Measuring microRNA expression in size-limited FACS-sorted and microdissected samples.

Abstract

MicroRNAs (miRNAs) are small noncoding RNAs of an average length of 22 nucleotides, which repress translation of a large number of target mRNAs. The particular importance of this group of small RNAs arises from the ever growing evidence that they control many biological processes, such as differentiation, proliferation, and apoptosis and that deregulation of individual miRNAs frequently results in cancer. The expression of miRNAs is spatially and temporarily fine-tuned and expression levels can reach more than 50,000 copies of one miRNA within a single cell. It is well documented that the comparison of miRNA signatures of normal and diseased tissues results in a small number of differentially expressed miRNAs, which are consequently of high diagnostic value. However, measuring miRNA expression can easily produce false-positive results, due to the high sequence similarity of the miRNAs within families and because biologically inactive pre-miRNAs as well as contaminating bystander cells may falsify the signal.

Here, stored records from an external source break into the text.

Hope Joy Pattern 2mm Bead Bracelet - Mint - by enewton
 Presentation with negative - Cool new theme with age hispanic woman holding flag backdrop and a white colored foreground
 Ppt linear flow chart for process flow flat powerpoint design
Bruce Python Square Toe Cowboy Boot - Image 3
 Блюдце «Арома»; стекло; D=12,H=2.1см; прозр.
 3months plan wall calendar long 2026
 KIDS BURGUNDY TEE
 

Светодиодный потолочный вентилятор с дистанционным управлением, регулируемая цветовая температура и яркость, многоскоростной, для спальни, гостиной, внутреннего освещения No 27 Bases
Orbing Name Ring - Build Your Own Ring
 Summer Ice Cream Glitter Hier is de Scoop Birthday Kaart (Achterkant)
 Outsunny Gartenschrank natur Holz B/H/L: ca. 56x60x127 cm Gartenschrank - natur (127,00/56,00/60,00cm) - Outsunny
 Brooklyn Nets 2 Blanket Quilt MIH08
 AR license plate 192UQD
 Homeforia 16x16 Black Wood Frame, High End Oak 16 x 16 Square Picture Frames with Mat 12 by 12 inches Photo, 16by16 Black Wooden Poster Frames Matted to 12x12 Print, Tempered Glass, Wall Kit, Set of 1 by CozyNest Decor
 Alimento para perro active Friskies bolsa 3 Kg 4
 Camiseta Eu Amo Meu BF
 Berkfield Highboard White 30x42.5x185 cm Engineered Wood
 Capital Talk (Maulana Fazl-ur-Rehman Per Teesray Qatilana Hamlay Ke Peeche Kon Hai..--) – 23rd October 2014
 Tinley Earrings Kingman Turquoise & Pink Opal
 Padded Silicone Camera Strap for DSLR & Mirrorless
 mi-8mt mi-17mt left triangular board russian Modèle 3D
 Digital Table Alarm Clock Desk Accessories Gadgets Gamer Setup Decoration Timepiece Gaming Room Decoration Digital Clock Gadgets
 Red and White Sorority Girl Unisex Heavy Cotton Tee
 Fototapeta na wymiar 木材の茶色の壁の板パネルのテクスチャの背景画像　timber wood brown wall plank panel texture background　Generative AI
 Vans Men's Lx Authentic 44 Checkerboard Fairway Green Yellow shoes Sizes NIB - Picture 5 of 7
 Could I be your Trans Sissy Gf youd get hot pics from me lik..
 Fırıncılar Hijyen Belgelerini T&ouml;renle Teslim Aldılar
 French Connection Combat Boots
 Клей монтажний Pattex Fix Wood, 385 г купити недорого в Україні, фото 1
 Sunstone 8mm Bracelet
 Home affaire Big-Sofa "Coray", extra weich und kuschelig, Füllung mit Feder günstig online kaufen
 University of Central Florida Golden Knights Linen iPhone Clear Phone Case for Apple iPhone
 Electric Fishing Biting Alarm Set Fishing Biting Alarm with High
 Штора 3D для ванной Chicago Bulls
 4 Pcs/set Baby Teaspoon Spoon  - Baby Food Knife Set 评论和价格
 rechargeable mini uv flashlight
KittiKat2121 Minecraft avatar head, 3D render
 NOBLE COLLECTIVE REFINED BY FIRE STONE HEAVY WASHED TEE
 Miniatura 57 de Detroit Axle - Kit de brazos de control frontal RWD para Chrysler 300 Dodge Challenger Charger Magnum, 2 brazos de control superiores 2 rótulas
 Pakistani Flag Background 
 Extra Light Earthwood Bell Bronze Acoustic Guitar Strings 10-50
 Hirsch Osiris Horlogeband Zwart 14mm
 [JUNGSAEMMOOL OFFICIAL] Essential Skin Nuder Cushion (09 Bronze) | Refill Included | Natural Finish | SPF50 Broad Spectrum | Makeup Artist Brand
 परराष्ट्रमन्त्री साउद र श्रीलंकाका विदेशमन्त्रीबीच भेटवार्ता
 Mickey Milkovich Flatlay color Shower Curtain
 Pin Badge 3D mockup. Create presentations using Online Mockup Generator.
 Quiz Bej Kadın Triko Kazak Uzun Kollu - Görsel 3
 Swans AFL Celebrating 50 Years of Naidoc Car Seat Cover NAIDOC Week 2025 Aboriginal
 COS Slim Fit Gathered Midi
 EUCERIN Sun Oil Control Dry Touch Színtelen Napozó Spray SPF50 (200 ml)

The application of a quantitative PCR-based method is described here to specifically and reliably detect miRNA expression levels from as little as 50 cells. Pure cell populations were either derived from fluorescence-activated cell sorting (FACS) or laser capture microdissection (LCM). Importantly, a combination of quantitative PCR and LCM can also be applied to measure miRNA expression of cells obtained from formalin-fixed, paraffin-embedded (FFPE) tissues, thereby giving experimental access to archives with large numbers of routinely collected normal and diseased tissue samples.